The councilman said he wanted to “clear the air in the community.”
Noble also said he was told by three members of the Taft City Council not to discuss the issue with city employees unless they first raised the issue with them.
Noble said he was also been told to quit making any remarks critical of city employees.
Both Noble and Councilman Cliff Thompson received similar memos from the majority of the council telling them not to discuss certain issues.
The Kern County Grand Jury last week issued a report last week accusing the majority of the council of violating California's open meeting laws when they signed a letter telling an unspecified councilman not to discuss certain issues.
The letter violated the Brown Act, the report said, and created a chilling effect on the city's government.
“An attempt to silence a public official has the effect of disenfranchising the people,” the Grand Jury's Cities and Joint Powers Committee wrote in the report.
The report did not name the councilman who received the memo or state which memo it was referring to.
Both Noble and Thompson were accused last November of creating a hostile workplace.
The investigation has been completed, but there has been no public statements on the results of that investigation.
However, the Midway Driller obtained a copy of a letter sent to Noble dated April 20. It contains the information that Noble had been cleared of any wrongdoing, but still told him not to bring the issue up with city employees
The letter was signed by Mayor Dave Noerr and councilmen Paul Linder and Randy Miller two months after investigator Scott Nelson found that the charges against Noble were without basis.
Noble said the release of the letter came after several attempts to get it.
The councilman said he corresponded at length with Shelline K. Bennett, an attorney with the firm Liebert Cassidy Whitmore become he received the memo. Bennett's firm was hired by the city to investigate the hostile workplace allegations.

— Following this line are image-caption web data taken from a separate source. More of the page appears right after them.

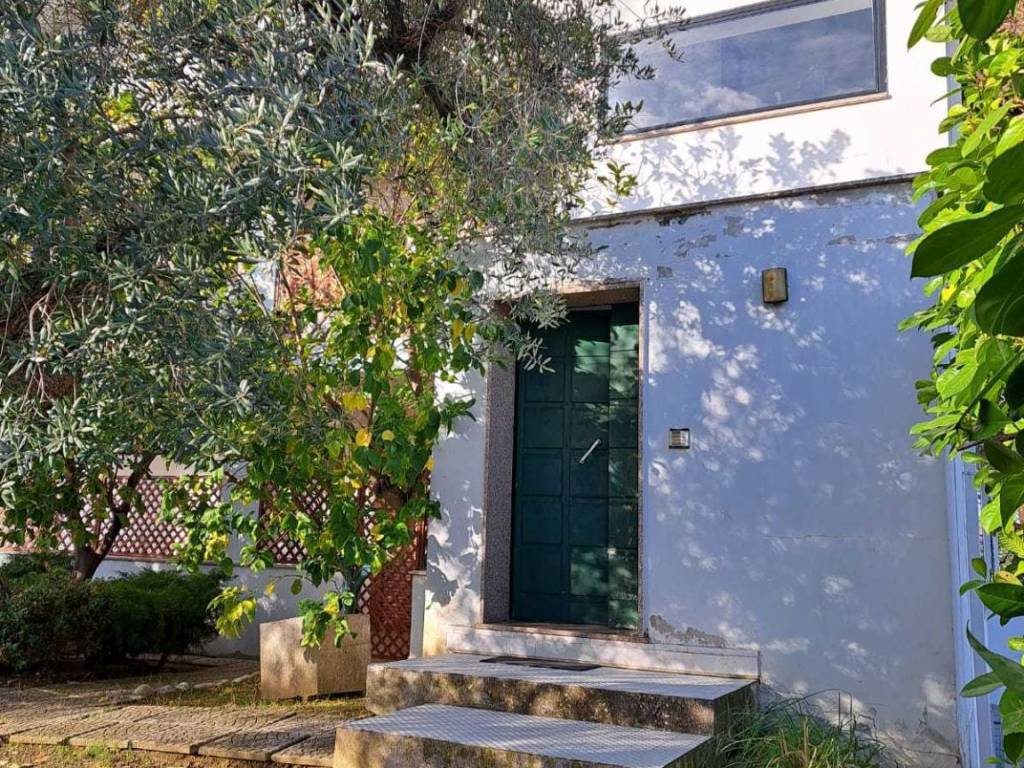 Attico / mansarda a Lanciano in Contrada Santa Croce, 164 - Foto 4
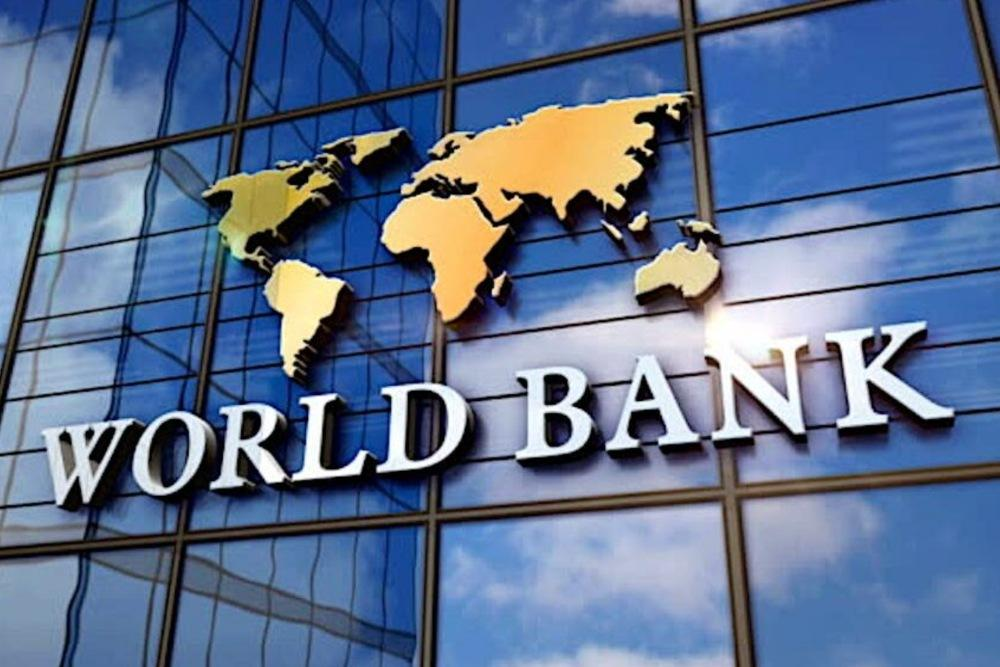 Bank Dunia Sarankan Indonesia Hapus Tax Holiday
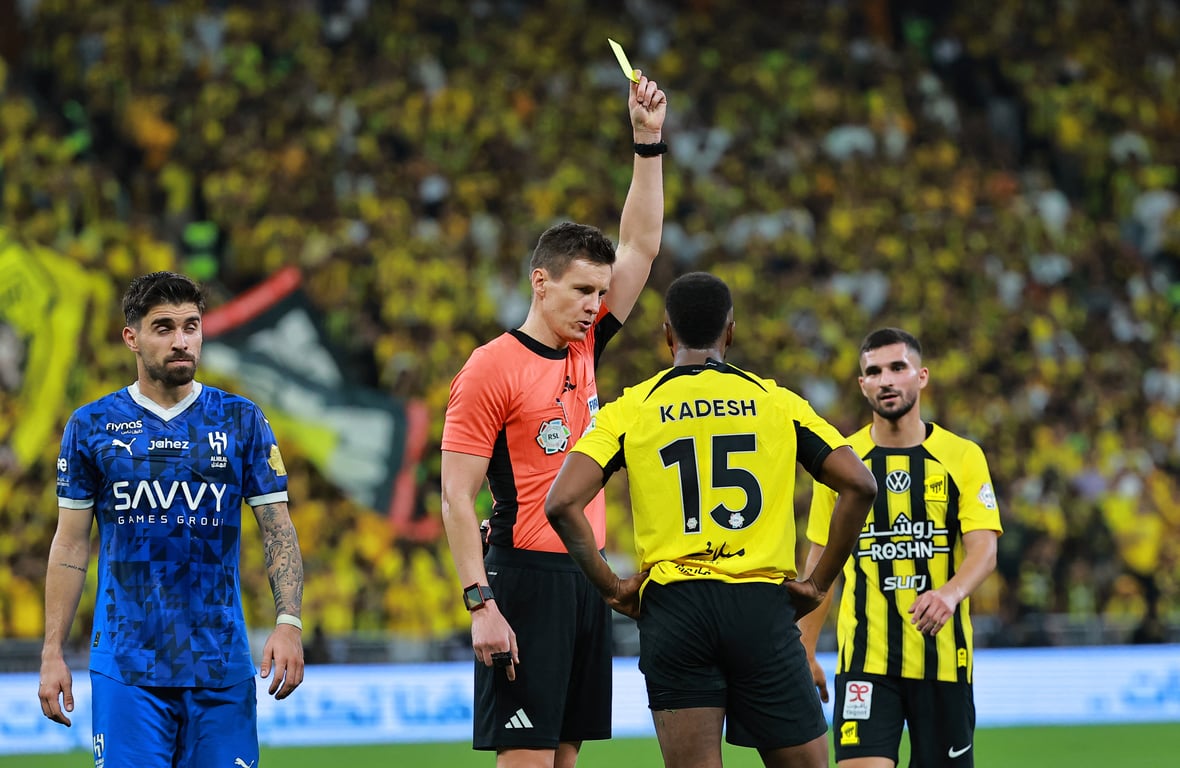 Даніель Зіберт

The letter cleared Noble of the the allegation that in his capacity as a councilman had “subjected City manager Bob Gorson and/or city employees to inappropriate and unwarranted behavior” were unfounded.
Still Noble said he was told in writing twice to cease commenting on city business or talking with city employees.
“W ask that you refrain from discussing Mr. Nelson's findings with city employees unless they initiated such conversations with you because for you to initiate the conversations with employees could be viewed by them as retaliation,” the letter said
He also said he was told verbally in late February that the investigation had cleared him of the hostile workplace violations, but it took two more months, including an exchange of emails with Bennett, before the memo signed by the three councilmen was sent to him.
The memo was dated April 20, but Noble said he received it on May 4.